I wasn’t a wrestler and my name has never been featured on the front page. But I was there, and I remember everything. I remember the smell of mats, the sting of the bleach when we mopped them, and the way a gym filled with bodies could feel cavernous once everyone fell silent. The silence wasn’t emptiness. It was tension, inhaled breaths waiting to be let out.

No one has told this version, the one from the edges, the one where my clipboards carried stories like weight in their hands, the one where I kept stats, held jackets, and watched something extraordinary unfold without ever stepping into the spotlight. I never stood in the circle, but I was close enough to feel the vibration of every slam.

Seven years after graduation, I found myself on the final ruck march of my military basic training. Legs screaming and lungs on fire, I heard his voice faintly. He had trained me for more than stats.

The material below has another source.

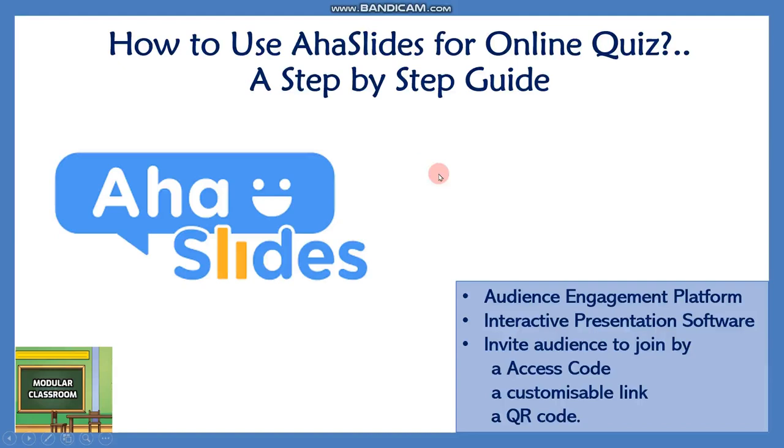Welcome to Modeler Classroom. Today in this video we will see about a tool called AHA Slides. So what is it?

He taught me to endure with mental and physical toughness through sacrifice, through the display of my blood, sweat, and tears, always ending in the pride following the pain. I wasn’t just keeping scores anymore. I was keeping myself from quitting.

An echo of John Gill on the mats’ edge returned to me. The cadence of his coaching overlapped with the echo of my drill sergeant’s commands, and I realized then that endurance has many dialects, but the lesson is the same. Wrestling in all its forms can transform and inspire us.

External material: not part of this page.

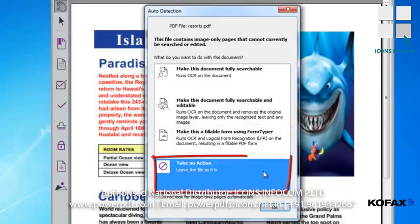Finally, the last option is to Take No Action, which we would select if we'd like to leave it as a PDF image-only file. We would choose this option if we do not need to search or edit any of the data within the file. This is the default setting.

Coach Gill might never understand what it meant to a girl like me, but I do, and so do other millennial teenage girls of that time. Cougar Wrestling wasn’t just a team, but a dynasty, built not only on wins but on rituals, sweat-drenched mornings, and the unyielding repetition of drills. The kids who showed up early, cold, and quiet deserve to be remembered. Their effort was a hymn, and their sacrifice our scripture. We were all part of this community, and this shared experience shaped us.

Kitattinny’s wrestling room and gym taught me that endurance isn’t just physical but quiet. They taught me how to just sit with things, to keep count, to hold weight that wasn’t mine and make it matter anyway. The memory was its own kind of muscle, one of loyalty and dedication, carried forward long after the mats were rolled away. It lives in how I approach my work, love, parenting, and survival. Wrestling’s lessons seeped into the marrow of everything I became.

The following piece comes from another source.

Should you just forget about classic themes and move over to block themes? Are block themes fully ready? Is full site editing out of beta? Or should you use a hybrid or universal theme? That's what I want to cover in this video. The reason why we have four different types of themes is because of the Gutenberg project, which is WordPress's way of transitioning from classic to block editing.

I didn’t think as a teenager I was collecting something sacred, and those moments would shape me. Hearing the phrase “Pain is temporary, pride is forever” a hundred times echoed over the years, rising again when I needed to keep pushing forward. I took pride in every ache-causing step of that march I knew would fade but never truly disappear.

Some places stay with you long after you abandon them. For me, it’s a small-town gym in North Jersey, thick with sweat and Gatorade, but with a heavy history. Blue mats line wall to wall, a patchwork battlefield where every winter weekend was fought. That room wasn’t just a stage. It was an altar we all came to kneel at in our own way.

Every Saturday morning, I parked my butt in that gym lobby waiting for the bus. Quiet and steady, with a clipboard in hand, just trying to matter. Wrestling isn’t just a sport in our state. It is the spine of the week, but more than that, it is a community breeding respect from the moment you can first run laps around the mat until you are eighteen.

Cougar Wrestling isn’t just a team. It becomes your life and your entire world for those years in high school. We organized our calendars around it. Birthdays, holidays, even snowstorms bent to its will. Before sunrise some Saturdays, mats rolled out like a ritual, and sneakers squeaked on polished wood.

I didn’t think it meant anything when Coach Gill handed me a clipboard for the first time. Just a scrap of paper, a pencil, a task to help one day after school for wrestling-offs. But I kept showing up, tracking scores, deciphering his chicken scratch, witnessing the cracks in their armor before anyone else did. I noticed which wrestler tugged at his knee brace when nervous, which one always hummed under his breath during warm-ups and pulled his hoodie strings tight as though retreating into a shell. I learned their stories in fragments, pieced together like a quilt stitched on the edge of the mat.

In this sport, a varsity jacket was currency, and I wasn’t wearing one, but I was close enough to feel its weight. Sometimes, I was invisible, but invisibility can be powerful. It lets you see the unguarded moments others miss.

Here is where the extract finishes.